Clicker Taining Principles 3

Written by Hiddenhorse on 23/03/2010 – 11:44 am -

How to do it

When we clicker train an animal we are using two types of learning. Don’t worry too much about the names but it is important to understand the principles here. The first type of learning is called classical conditioning. You will have seen the effect of classical conditioning many times, for example when you go to your horse in the morning and the horse hears the rattling of the gate or the clink of feed buckets you will perhaps hear a whinny or snicker, you will see the horses behaviour change as they anticipate the arrival of the morning feed. An even better example of this might be if you own a dog and the dog sees you go to the cupboard and get the dog lead/leash. The dog will respond with a change in behaviour as it anticipates setting our on it’s walk. What is happening in both these cases is that some event is predicting an expected behaviour. The rattle of the gate, the sound of feed being prepared, the appearance of the dog lead, the time of day, are all predictors of a coming event. This phenomenon was first described by a Russian scientist called Ivan Pavlov, you may have heard the phrase ‘Pavlov’s dogs’. He noticed this idea of predicting a coming event, when he went to feed his dogs and observed that they would dribble (salivate) in anticipation of the arrival of food. He realised that the the predictors the dogs were responding to were random or general events occurring accidentally in the dog’s environment and he wondered if he introduced a deliberate event, such as ringing a bell he would see the same effect. It did. Once the sound of the bell had been linked to the event as a predictor of getting fed, he found that simply ringing the bell by itself was enough to start the dogs salivating. This simple pairing of ideas became known as classical conditioning.

The second type of learning we are dealing with in Positive Reinforcement Training (PRT) or clicker training is called operant conditioning. By the way, the word ‘conditioning’ is just a scientific way of saying learning, the operant part is when the subject, (the operant) actually takes some action in order to try to get a behaviour to occur. So if your dog gets excited when you get the dog lead, that is classical conditioning, but if it goes and gets the dog lead and brings it to you in order to initiate a walk, that is operant conditioning. We use both types of learning in clicker training/PRT.
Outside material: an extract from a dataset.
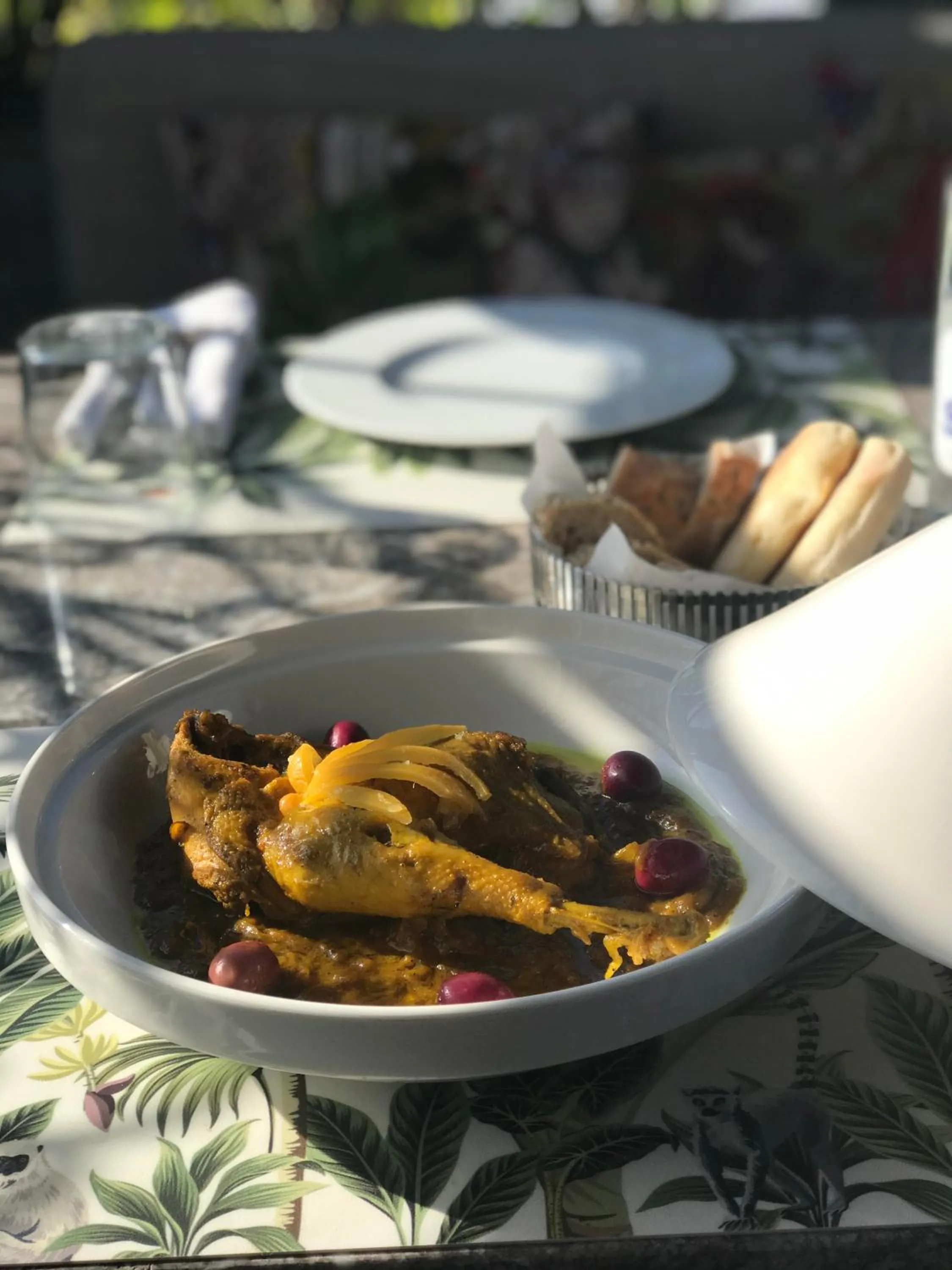 Food in Hôtel particulier Le DOGE - Relais & Châteaux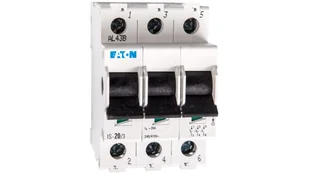 Eaton Rozłącznik modułowy trójbiegunowy 20A IS-20/3 276260 - Inne akcesoria elektryczne - miniaturka - grafika 2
We begin with classical conditioning, by linking two ideas together a click (predictor) and a reward. Usually the reward is a food reward as this is something that the horse wants and it is something that it is willing to work for. Some people like to use a ‘reward’ such as a voice reward (Good Boy!) or a touch or a scratch but to me this is not effective at all, for reasons you will see in one moment and it brings us to a very important point. Before we go any further, we must make something very clear, – the difference between a treat and a reward.

Drum this into your head!

Rewards are NOT treats and treats are NOT rewards.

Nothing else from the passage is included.